Ain­si, en 2014, 62 600 entre­prises repré­sen­tant 244 000 sala­riés (soit en moyenne moins de quatre sala­riés par entre­prise) ont dépo­sé leur bilan, mais seules 452 avaient plus de cin­quante sala­riés et 4 000 de dix à cin­quante salariés.

“ Le coût des restructurations est exorbitant en France ”

Cette « héca­tombe » doit bien sûr être rela­ti­vi­sée au regard du nombre d’entreprises en France : envi­ron 3 mil­lions, dont 150 000 de plus de dix salariés.

Au-delà de ces dépôts de bilan aux causes très variées, les restruc­tu­ra­tions touchent sou­vent des socié­tés et groupes qui auto­fi­nancent leur restruc­tu­ra­tion. Et c’est là le point pivot : le coût des restruc­tu­ra­tions est exor­bi­tant en France.

Essen­tiel­le­ment de nature sociale, il dépasse sou­vent les 100 000 euros par emploi détruit, quand le salaire brut annuel du titu­laire est infé­rieur à 40 000 euros Et le droit fis­cal n’aide pas quand, depuis 2012, il taxe deux fois à l’impôt sur les socié­tés la sub­ven­tion qu’un cédant d’une socié­té ou acti­vi­té en dif­fi­cul­té est prêt à accor­der dans le cadre d’un pro­jet de reprise (voir enca­dré p. 35).

Le seul coût de la restruc­tu­ra­tion fait ain­si dis­pa­raître de nom­breux emplois struc­tu­rel­le­ment pérennes et pousse même par­fois une entre­prise pérenne au dépôt de bilan. Il y a là un thème d’études pour ten­ter de retrou­ver un équi­libre plus satisfaisant.

En contre­point de ces coûts et rigi­di­tés, la France dis­pose d’un droit de l’entreprise en dif­fi­cul­té par­mi les plus per­for­mants du monde occi­den­tal.

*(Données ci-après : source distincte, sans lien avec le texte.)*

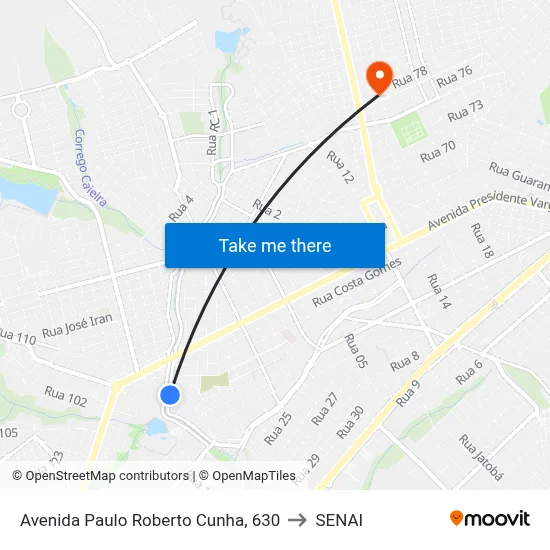 Avenida Paulo Roberto Cunha, 630 to SENAI map
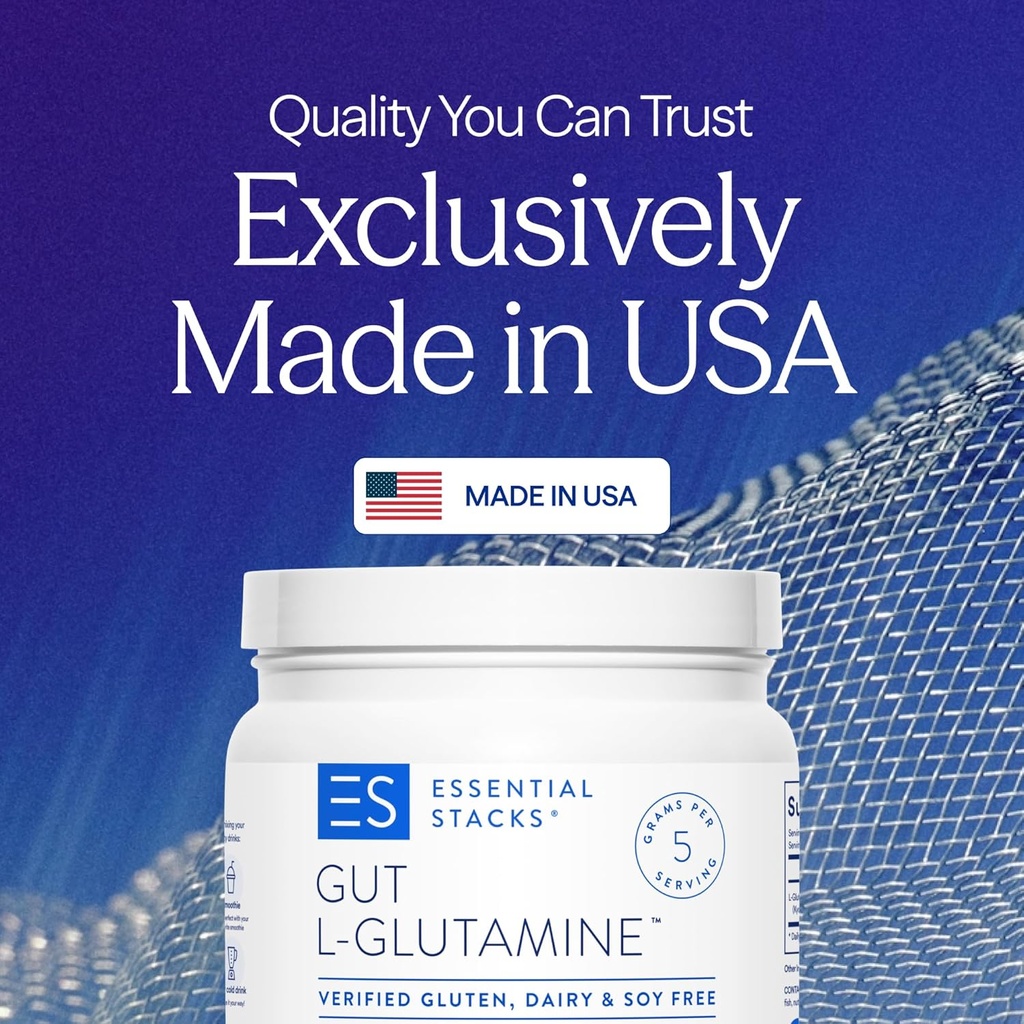 Essential Stacks Gut L-Glutamine Powder - Exclusively Made in USA - Pure L Glutamine Powder for Gut Health (100 Servings, Unflavored) 3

Il est sou­vent cité en réfé­rence mal­gré sa pro­pen­sion à pro­té­ger l’actionnaire plus que le créancier.

C’est là un point en cours d’évolution, car les échecs dans le redres­se­ment des entre­prises sont mal­heu­reu­se­ment nom­breux, sou­vent dus à un désa­li­gne­ment des inté­rêts des par­ties pre­nantes : créan­ciers, action­naires, sala­riés, pou­voirs publics et l’entreprise elle-même.

Cha­cun pousse ses inté­rêts de façon ration­nelle et irra­tion­nelle : la psy­cho­lo­gie a aus­si ses exigences.

La France dis­pose de grands pro­fes­sion­nels recon­nus dans toutes les matières tou­chant aux restruc­tu­ra­tions : mana­ge­ment de crise et de retour­ne­ment, droit de l’entreprise, droit social, admi­nis­tra­tion judi­ciaire, audits et conseils finan­ciers, banques des situa­tions spé­ciales, fusion-acqui­si­tion d’entreprises en dif­fi­cul­té, inves­tis­se­ments en situa­tion de retour­ne­ment, etc.

Un monde riche et varié qui éla­bore, chaque jour et opi­niâ­tre­ment, des solu­tions pour assu­rer un nou­vel ave­nir à des socié­tés et acti­vi­tés en situa­tion de crise.